Üniversitenin başından beri yakın arkadaşım olan birinin bana sebepsizce veda etmesiyle başlayan yıl garip bir patikaya girmeye başlamıştı. Daha sonra çözülmesini aklımın ucundan bile geçirmediğim sorunlar biraz çektiğinde açılan bir düğüm gibi birden çözüldü. 

İşte ben bunların şaşkınlığını üç dört aydır yaşarken bir anda yeni arkadaşlarım oldu, yeni düzenim oldu bünyem başta buna alışamadı bile! 

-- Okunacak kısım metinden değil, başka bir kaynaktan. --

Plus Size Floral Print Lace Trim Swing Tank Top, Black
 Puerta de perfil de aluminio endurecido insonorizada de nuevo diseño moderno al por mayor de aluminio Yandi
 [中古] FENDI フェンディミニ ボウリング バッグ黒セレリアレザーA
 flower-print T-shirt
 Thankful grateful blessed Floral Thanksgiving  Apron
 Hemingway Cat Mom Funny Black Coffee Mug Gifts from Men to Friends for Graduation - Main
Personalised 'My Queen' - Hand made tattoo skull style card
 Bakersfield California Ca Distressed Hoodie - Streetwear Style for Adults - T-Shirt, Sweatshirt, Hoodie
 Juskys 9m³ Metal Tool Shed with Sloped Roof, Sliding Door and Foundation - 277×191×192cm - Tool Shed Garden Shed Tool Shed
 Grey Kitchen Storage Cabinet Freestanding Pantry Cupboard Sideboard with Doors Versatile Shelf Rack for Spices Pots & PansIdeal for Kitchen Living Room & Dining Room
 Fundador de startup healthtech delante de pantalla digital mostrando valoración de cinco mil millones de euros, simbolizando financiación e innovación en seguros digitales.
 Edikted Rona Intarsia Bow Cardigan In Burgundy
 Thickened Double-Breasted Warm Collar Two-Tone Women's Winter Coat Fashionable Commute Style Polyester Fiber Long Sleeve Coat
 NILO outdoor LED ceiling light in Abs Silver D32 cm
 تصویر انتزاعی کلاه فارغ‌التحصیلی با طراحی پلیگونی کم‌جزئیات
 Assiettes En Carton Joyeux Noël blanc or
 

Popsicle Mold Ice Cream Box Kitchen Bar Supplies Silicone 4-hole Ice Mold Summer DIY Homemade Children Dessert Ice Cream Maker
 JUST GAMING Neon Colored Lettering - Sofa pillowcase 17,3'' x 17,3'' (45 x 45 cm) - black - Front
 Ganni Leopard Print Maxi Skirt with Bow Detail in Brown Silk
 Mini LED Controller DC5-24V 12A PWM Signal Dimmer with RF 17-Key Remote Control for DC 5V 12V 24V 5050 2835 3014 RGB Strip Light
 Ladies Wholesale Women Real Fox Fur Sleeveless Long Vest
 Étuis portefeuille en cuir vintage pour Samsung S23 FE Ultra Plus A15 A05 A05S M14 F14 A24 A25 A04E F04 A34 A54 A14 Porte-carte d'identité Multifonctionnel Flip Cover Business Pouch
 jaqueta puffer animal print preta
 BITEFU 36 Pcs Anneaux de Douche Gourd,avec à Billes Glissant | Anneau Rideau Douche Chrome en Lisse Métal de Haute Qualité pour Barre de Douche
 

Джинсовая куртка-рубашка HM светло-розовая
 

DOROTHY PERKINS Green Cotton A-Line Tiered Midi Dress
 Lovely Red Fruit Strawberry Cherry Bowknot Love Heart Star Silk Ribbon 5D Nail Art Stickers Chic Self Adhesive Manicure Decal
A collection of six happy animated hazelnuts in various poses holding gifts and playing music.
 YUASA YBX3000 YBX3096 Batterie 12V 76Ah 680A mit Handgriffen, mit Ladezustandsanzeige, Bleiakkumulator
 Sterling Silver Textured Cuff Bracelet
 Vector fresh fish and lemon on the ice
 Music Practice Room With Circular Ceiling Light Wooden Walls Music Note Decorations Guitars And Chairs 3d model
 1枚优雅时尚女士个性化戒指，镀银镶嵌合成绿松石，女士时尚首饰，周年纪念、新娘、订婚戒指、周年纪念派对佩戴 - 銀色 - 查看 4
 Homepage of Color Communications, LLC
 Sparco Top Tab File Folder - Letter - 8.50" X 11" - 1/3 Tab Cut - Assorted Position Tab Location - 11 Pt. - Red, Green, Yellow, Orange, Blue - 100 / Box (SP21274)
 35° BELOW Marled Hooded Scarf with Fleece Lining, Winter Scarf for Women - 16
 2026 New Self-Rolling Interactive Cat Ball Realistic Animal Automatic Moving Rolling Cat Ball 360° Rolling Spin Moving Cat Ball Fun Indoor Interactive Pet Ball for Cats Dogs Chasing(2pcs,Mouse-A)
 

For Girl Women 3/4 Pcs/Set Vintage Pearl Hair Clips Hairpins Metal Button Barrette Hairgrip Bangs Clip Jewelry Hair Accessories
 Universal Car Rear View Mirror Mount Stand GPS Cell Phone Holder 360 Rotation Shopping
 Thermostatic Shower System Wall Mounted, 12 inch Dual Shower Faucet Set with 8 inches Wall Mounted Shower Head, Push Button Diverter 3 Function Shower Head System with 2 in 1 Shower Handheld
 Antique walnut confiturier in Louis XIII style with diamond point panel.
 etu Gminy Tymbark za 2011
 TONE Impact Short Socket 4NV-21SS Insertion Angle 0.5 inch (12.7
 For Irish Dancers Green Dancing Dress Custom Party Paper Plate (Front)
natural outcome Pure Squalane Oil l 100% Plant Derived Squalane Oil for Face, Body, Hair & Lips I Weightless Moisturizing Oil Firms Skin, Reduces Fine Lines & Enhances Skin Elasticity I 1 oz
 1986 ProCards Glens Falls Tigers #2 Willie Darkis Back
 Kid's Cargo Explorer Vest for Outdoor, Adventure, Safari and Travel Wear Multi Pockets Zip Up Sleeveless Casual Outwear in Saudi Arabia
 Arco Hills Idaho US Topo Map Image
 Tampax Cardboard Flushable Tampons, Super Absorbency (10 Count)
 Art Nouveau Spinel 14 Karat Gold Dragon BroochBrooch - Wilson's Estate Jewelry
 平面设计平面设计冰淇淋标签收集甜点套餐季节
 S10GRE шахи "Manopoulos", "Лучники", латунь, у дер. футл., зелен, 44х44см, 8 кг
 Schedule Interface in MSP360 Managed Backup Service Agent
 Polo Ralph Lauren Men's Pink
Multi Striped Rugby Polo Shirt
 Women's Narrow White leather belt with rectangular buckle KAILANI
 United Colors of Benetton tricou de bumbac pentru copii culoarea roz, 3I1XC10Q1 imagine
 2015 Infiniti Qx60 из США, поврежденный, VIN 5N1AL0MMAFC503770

Birden özgürlüğün tadını hissettim. Bu noktadan itibaren her şey sanki hızlandırılmış moda alınmış gibi ilerlemeye başladı. Yurt hayatına alışmaya çalışmam, ailemle olan durumlar, yeni gelişmeler...


Yani Dünyalılar anlayacağınız zor bir yıldı fakat sonuna geldik neredeyse.

Özel teşekkürlerim her birinize. Başta bu yazıyı okuduğunu sanmasam da bir senedir bana katlanabilen, doğum gününü unutmama rağmen hala benimle konuşmaya devam eden, kilometrelerce öteden her nasıl yapıyorsa sarılmayı becerebilen ve bu yılı depresyonda geçirmememin en büyük sebebi olan Süm'e. Benden asla desteğini esirgemeyen, sorunlarımı, ağlamalarımı bıkmadan dinleyebilen Nurten Hocam'a . Her serzenişime gülümseyerek cevap veren ve beni iyi bir şeylerin olabileceğine inandıran DeppTone'a! Bu sene edindiğim ve ısrarla yakamdan düşmeyen waffle canavarı ismini vermek istemediğim elektrik mühendis adayı dostuma. 

Ve son olarak sizler Dünyalılar! Yazılarımı okuyup bana değer veren sizler. Hepinize çok teşekkür ederim! Hepinizle daha nice yıllar geçirmek üzere!